I got enthused about healthy eating again watching Oprah yesterday. I know lots of people don't like the lady, but I do and I like most of her shows. Yesterday's shows featured Jamie Oliver - who is trying to get people and schools healthier and more natural.

Jamie visited a fam somewhere down south - their frig looked worse than ours. It was full of chicken nuggets and cheap frozen pizzas. (while ours only has a one pizza). He cooked up all the bad stuff in their house and piled it on their table. He noted that the color was all pretty much white and tan. He and the kids did a burial ceremony in the backyard with the fry daddy! While it sounds humorous, he said it was actually kinda spiritual and moving. I like the guy.

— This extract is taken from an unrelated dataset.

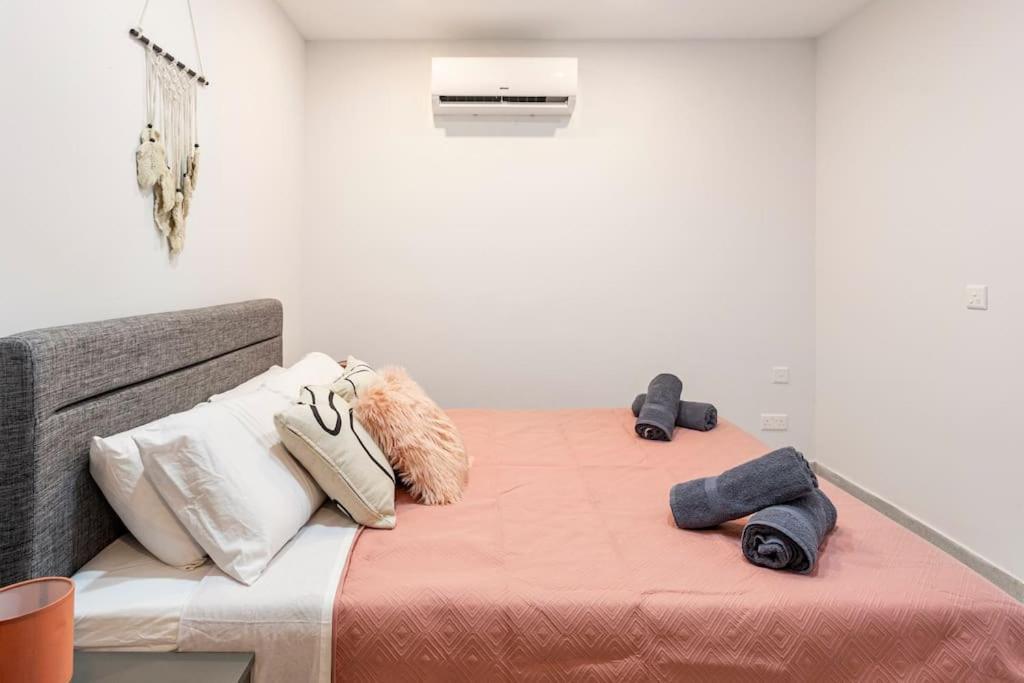 Sliema Boutique Apartments By Holi 部屋 写真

Then he and Oprah cooked up and meal fairly quickly meant to replace a chicken nugget meal one might purchase at Kentucky Fried or someplace like that. He did whip it up pretty quickly along with smashed potatoes - he's big into knowing what natural ingredients go into your body and your kids.

I feel badly that I didn't do that very well with our children. In our defense - that is Jamie's only job - food. He doesn't have to go to another job and rush home and have hungry people awaiting food on the table. I didn't grow up cooking, and I'm just not comfy doing it. I'm not sure how my sisters learned to be at home in the kitchen - I can clean up with the best of 'em but I'm still a cooking rookie.

Today I took my Jamie recipes along when Pablo and I went to the market. Paul kinda gave me crap in my mission - as he does. urging me to purchase margarine with lots of "good grease". In his own way he subtly sabotages my efforts. And then I give up and revert back to my old ways - and he's comfy with that. I worry that he doesn't eat healthy while I'm gone. We can't rely on youth and good looks to get us by in life anymore (hint hint to all you readers named Paul).

I'm sure I won't turn over a whole new leaf. But I'd like to try again at cooking new and healthier recipes. It's not like Paul and I are rushing around all the time anymore - we have time to cook and it's something we can do together. Maybe Jamie has a cookbook!